Complete Log file here. Canu_log_file
Then i tried again by changing some parameters in canu command and new comamnd is
time canu -${type} $RawReads -p $prefix -d $results/ genomeSize=$size -maxThreads=$Threads --maxMemory=$SLURM_MEM_PER_NODE useGrid=true
I saw the following in the canu log file
-- CONFIGURE CANU
--
-- Detected Java(TM) Runtime Environment '22.0.1-internal' (from '/vast/user/tools/miniconda3/envs/canu/lib/jvm/bin/java') without -d64 support.
-- Detected gnuplot version '5.2 patchlevel 4 ' (from 'gnuplot') and image format 'png'.
--
-- Detected 48 CPUs and 245760 gigabytes of memory on the local machine.
--
-- Detected Slurm with 'sinfo' binary in /usr/bin/sinfo.
-- Detected Slurm with task IDs up to 1000 allowed.
--
-- Slurm support detected. Resources available:
-- 1 host with 80 cores and 753 GB memory.
-- 1 host with 256 cores and 502 GB memory.
-- 1 host with 144 cores and 4029 GB memory.
-- 92 hosts with 96 cores and 250 GB memory.
-- 4 hosts with 128 cores and 2267 GB memory.
-- 8 hosts with 96 cores and 375 GB memory.
-- 3 hosts with 64 cores and 250 GB memory.
-- 10 hosts with 64 cores and 502 GB memory.
--
-- Job limits:
-- 245760 gigabytes memory (maxMemory option).
-- 48 CPUs (maxThreads option).
i canceled this job in confusion that it is some how using the whole cluster system (i hope i am wrong here)
This is my first ever script which I ran on a cluster. before that i was running all work on a workstation.

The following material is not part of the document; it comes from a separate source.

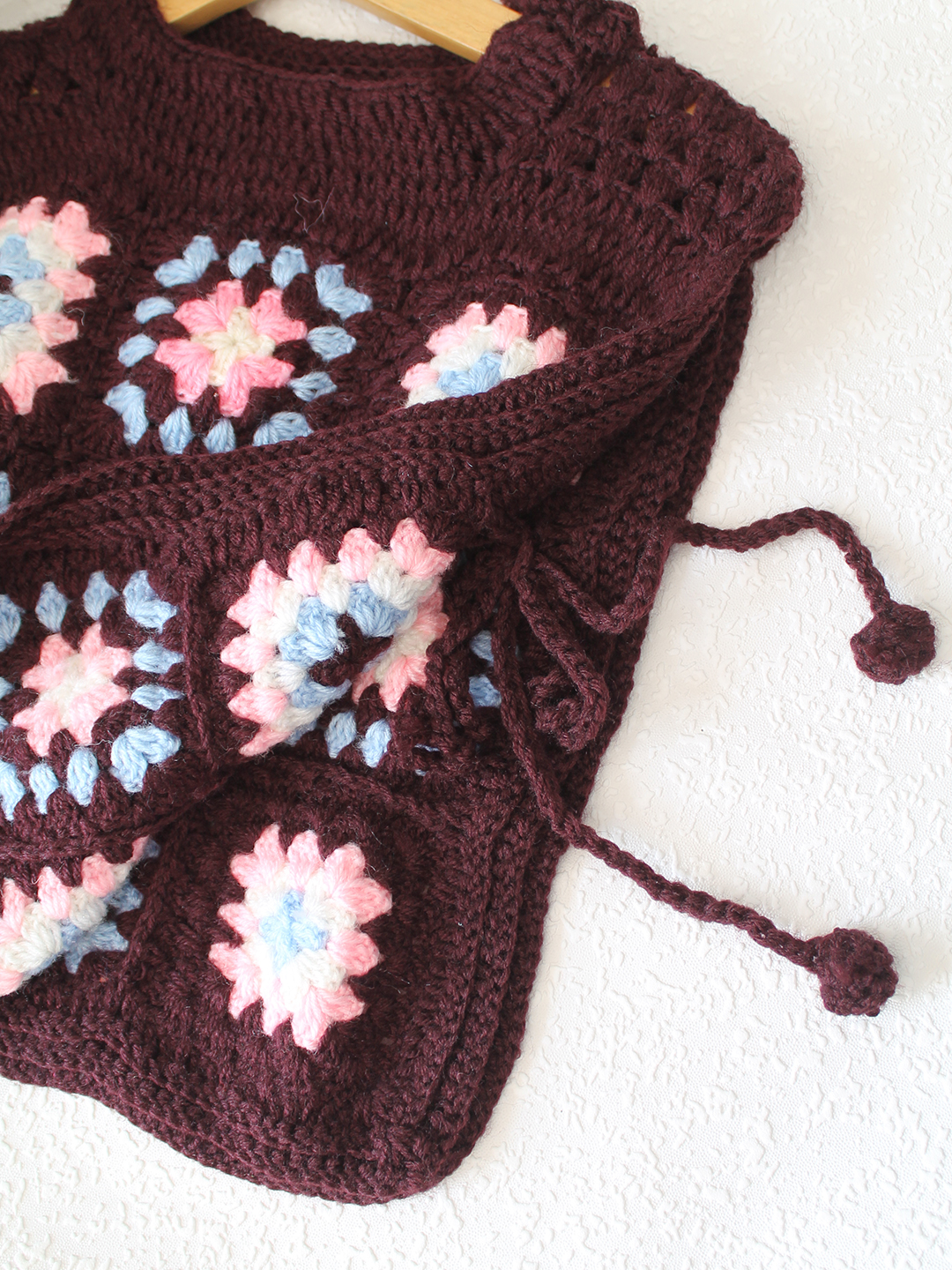 Granny Square Sweater with Side Tie Knot - Brown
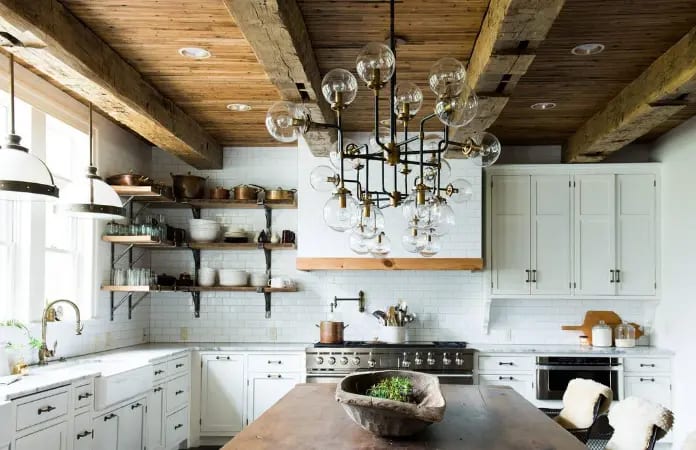 Farmhouse Kitchen With Exposed Wood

If i will be getting same time usage for one sample then WHY use a cluster.
- Can you guide me which options i can change in
canu
so it assembles the genome faster and can use more resources. - should i set
useGrid-true
, will all the execution stay within that one specified node ?
I have to assemble 12 samples and if each one takes 12 hours its more than 6 days.
Your help is greatly appreciated.
Using a cluster does not necessarily mean you are going to be done sooner. If your local workstation was using similar resources (e.g. N core and M memory) then it is going to take the same amount of time on the cluster. Advantage with the cluster would be you can start more than one job (within the limits of resources allowed for your account, well administered clusters will not allow a single user to take up all resources for that cluster) so you could be running more than one assembly in parallel (where as you would be able to run only one on the workstation since you max out the resources).
Looking at the following
You are clearly not maxing out the resources that are currently allocated so there is may be no obvious bottleneck. Programs will have to take the time to do what they need to. One thing you could do is specifically target your jobs (using the correct partition) to nodes that seem to have more cores/memory, if you are allowed to run jobs there. Adding more cores may not always help since algorithms being used may not be brute force parallelizable/not all steps in the assembly can be run in parallel.
thank you for your responce.
Can you also share some clerification regarding usage of option
useGrid=true/false
?useGrid=true
will allow Canu to split up the assembly processes into parallel steps that are each submitted as different jobs. In my experience, this greatly increases the speed at which the assembly completes. That said, getting a Canu assembly finished in 12 hours seems really good to me. When I was assembling repetitive plant genomes, it took weeks on a single workstation.